Tourist footfall in Ladakh

2019: 2.79 lakh

2020: 7869

2021: 3.14 lakh

2022 (until May): 85000

– As per data from the Directorate of Tourism, Ladakh

Pangong Tso is a major attraction among tourists visiting Ladakh

“All tourists arriving in Leh must undergo at least 48 hours (about 2 days) acclimatisation before initiating their journey to higher altitude areas of Leh like Khardung-La, Pangong Lake, etc. However, they may visit nearby areas of Leh town during the acclimatization period. Pangong lake area is a wildlife notified sanctuary and hence accommodation availability is limited. Considering the limited accommodation available, tourists/ visitors should avoid plans to stay at Pangong without prior booking.”
– Directorate of Tourism, Ladakh

What is Acute Mountain Sickness (AMS)?

Dr Ashutosh Shukla, Senior Director & Medical Advisor Max Hospital, Gurgaon, shares, “People who travel to places with an elevation above 8000 feet can develop altitude sickness because our body does not properly acclimatise to lower oxygen levels at higher elevations. It results from a rapid change in air pressure and air oxygen levels at higher elevations. It develops if you travel without giving your body time to adjust to less oxygen. This condition is also known as Acute Mountain Sickness (AMS) and presents with shortness of breath, headaches, nausea, redness of the eyes, flushing of the face and photophobia. It may develop within 6 hours to 4 days after reaching a high altitude and can last up to 5 days.”

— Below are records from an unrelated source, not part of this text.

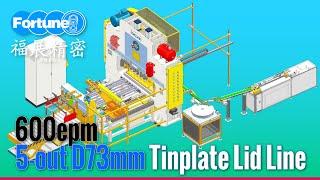 600epm 5-out Tinplate D73mm bottom lid production line #CANMAKING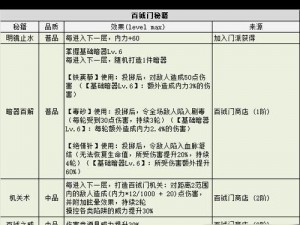 探索神秘迷宫：不思议密令大全2022：最新攻略与秘籍分享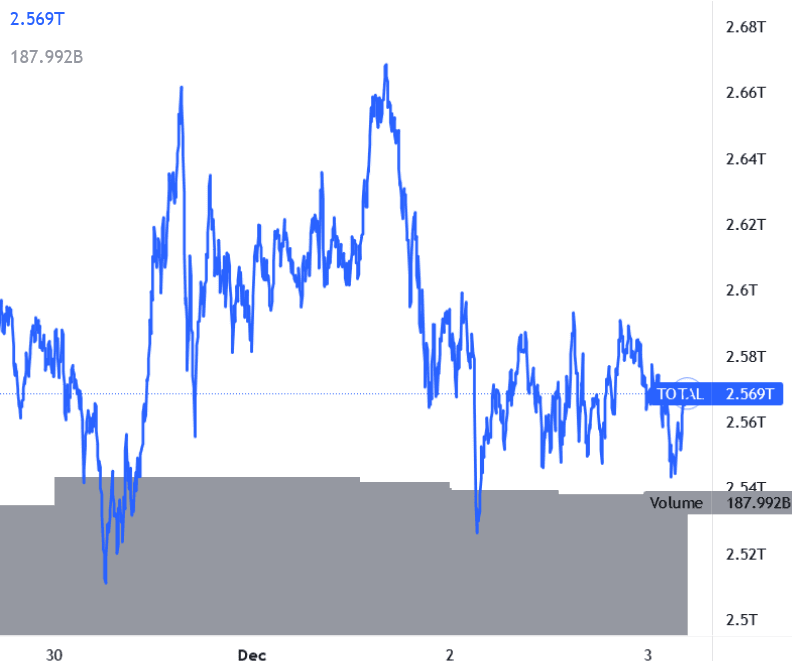 Prezzi Cripto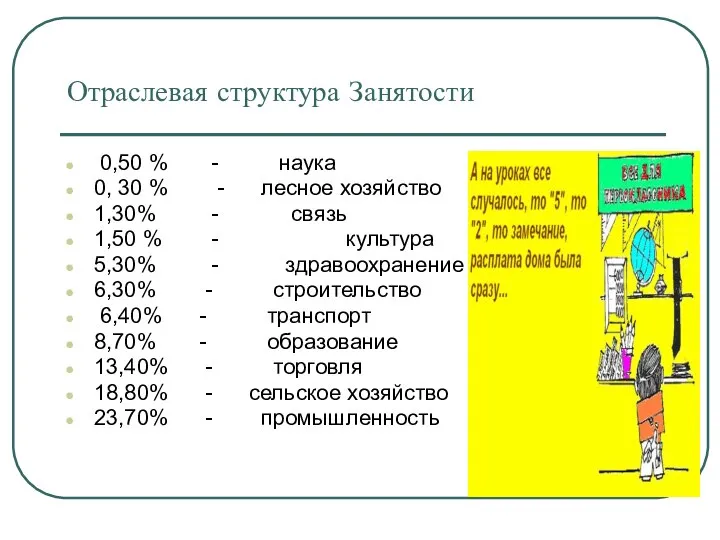 Отраслевая структура Занятости 0,50 % - наука 0, 30 % -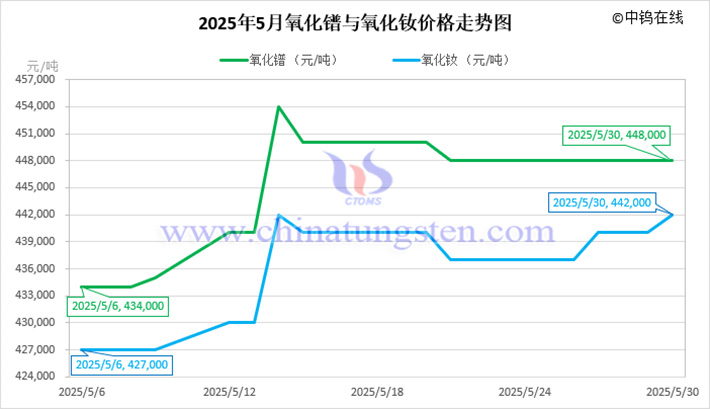 2025年5月氧化鐠與氧化釹價(jià)格走勢(shì)圖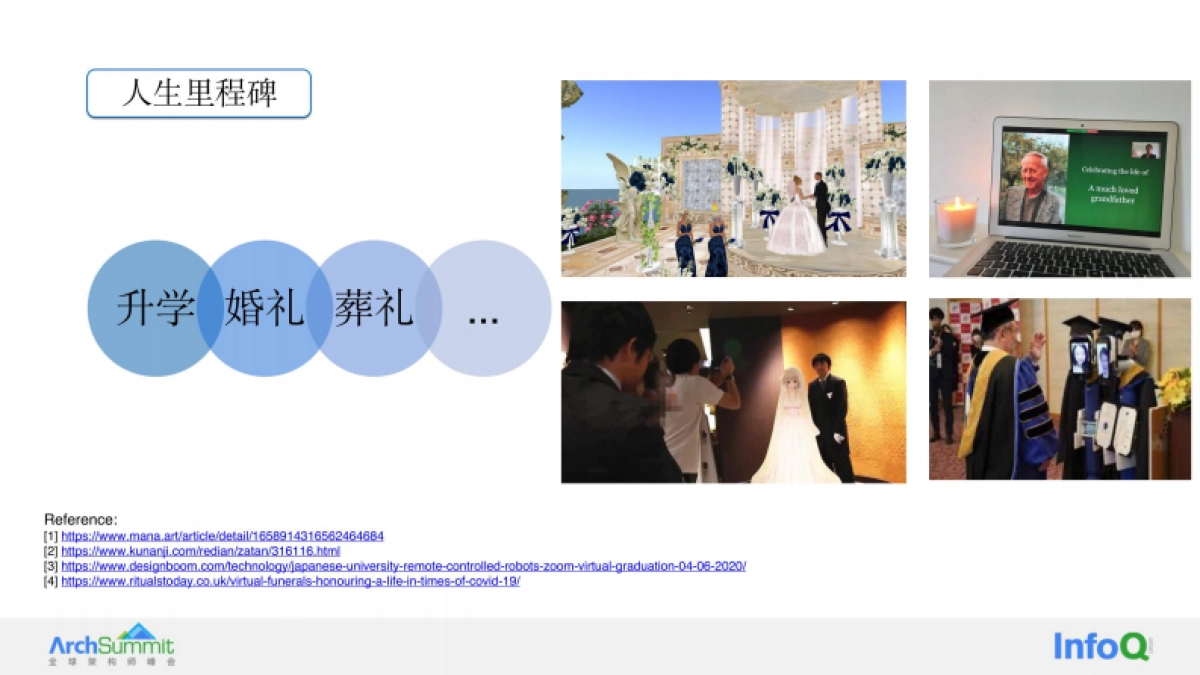 Soul：社交元宇宙的技术挑战与探索_第9页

Dr Sulaiman Ladhani, Consulting Chest Physician, Masina Hospital, Mumbai explains how a person must be treated in case they are diagnosed with AMS. “If there are mild symptoms of AMS, the best thing to do is to return to a lower altitude level, reduce activity level, rest at least a day or two before you go higher up. Hydrate well, and take medication as per medical advice, but if the symptoms get worse, there is breathing difficulty or symptoms of severe mountain sickness, please seek medical help at the earliest and ensure that the treatment is given on time, or it can be fatal.”

Be weary of AMS!

All flights to Leh arrive early in the morning. That means you haven’t had ample sleep and rest through the night. Still, if you head out immediately after landing, chances are you will end up in the hospital with an oxygen mask. In 2019, well-known travel blogger Yogesh Sarkar, on his tenth visit to Ladakh, succumbed to AMS after he landed in Leh and went out to Pangong Tso immediately the next day. So, it’s always suggested to be cautious –
Kunal Mehra, a tour organiser based in Leh

Experts advice not to head out to high altitude spots, immediately after landing in Leh.